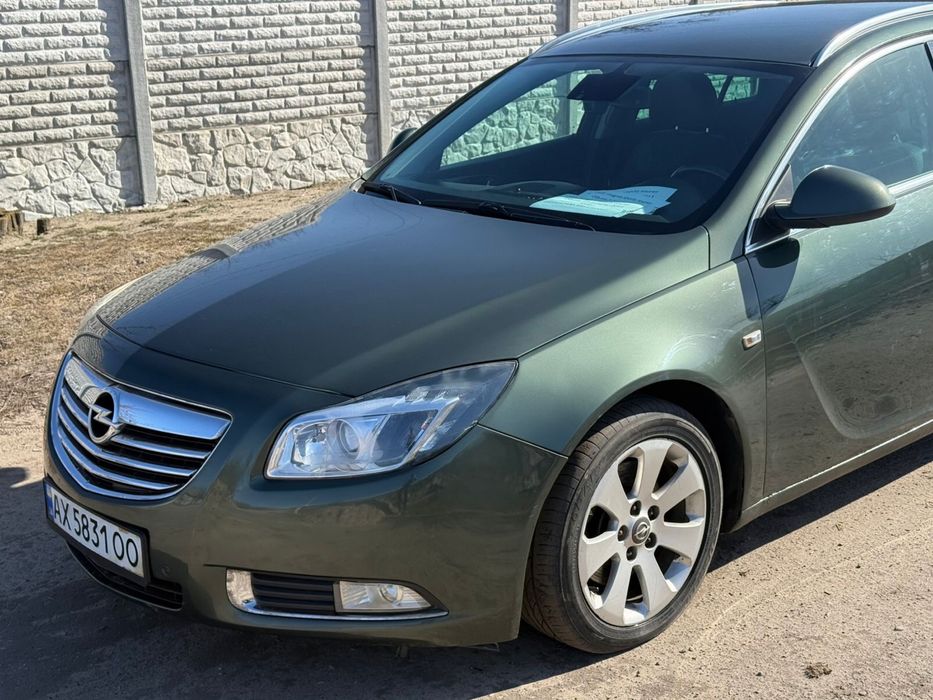Автомобиль опель инсигния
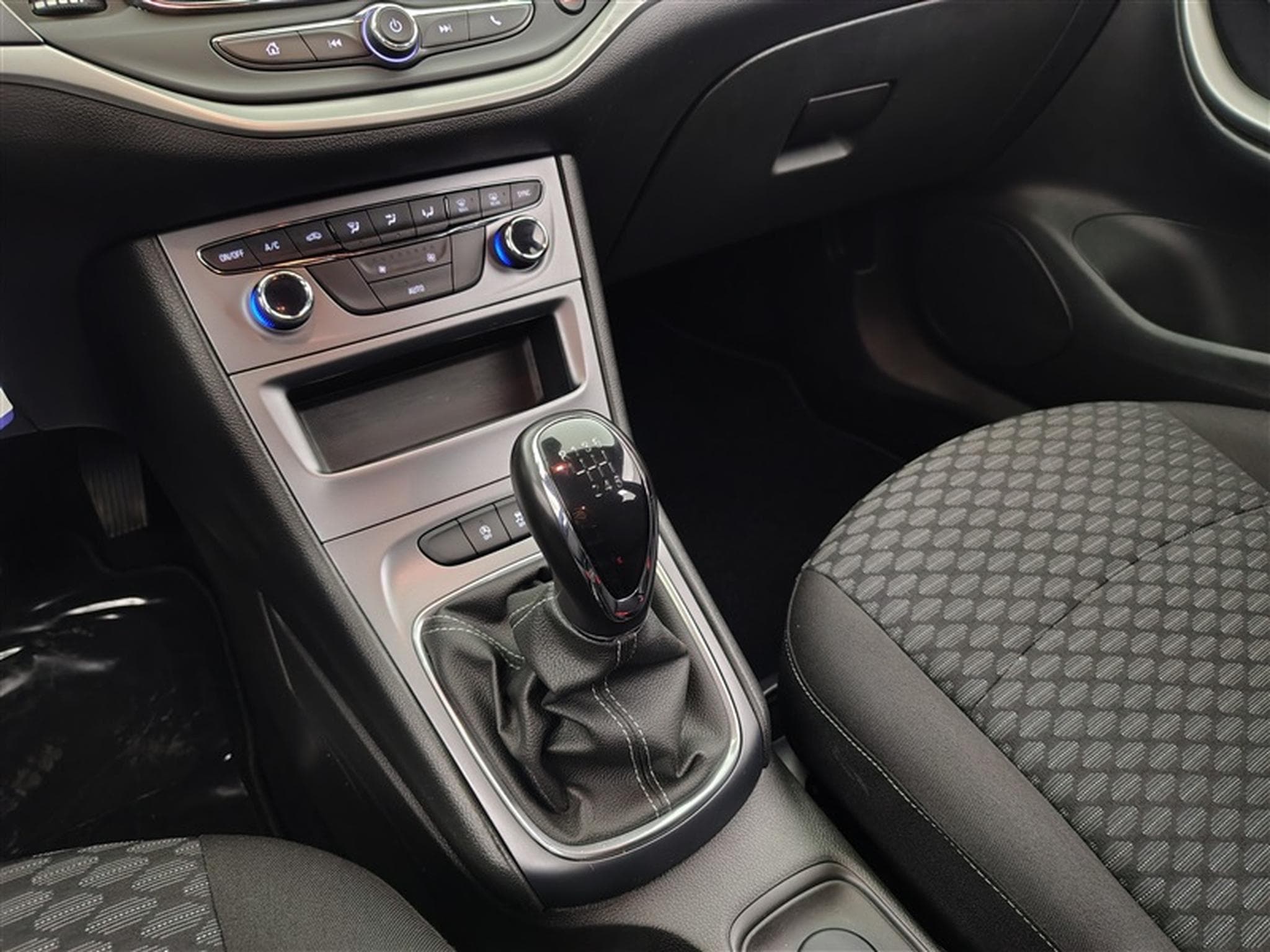 Opel Astra 1.2 Turbo 110cv Edition CARPLAY / FULL LED / PDC AV+AR (2020) - Foto 12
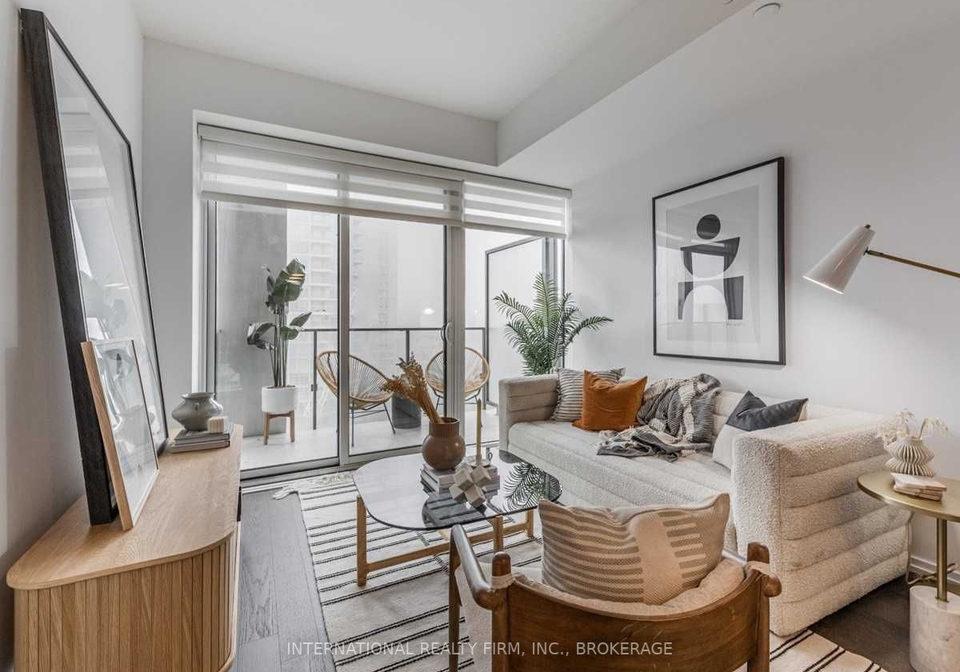 5-soudan-avenue-w-toronto-ontario-c6055439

# Problem details:
For this copy, leave pictures out and reproduce the lines from the one bearing "Opel Astra 1.2" through the final line of the listing above, both ends included.

# Solution below:
 Opel Astra 1.2 Turbo 110cv Edition CARPLAY / FULL LED / PDC AV+AR (2020) - Foto 12
 5-soudan-avenue-w-toronto-ontario-c6055439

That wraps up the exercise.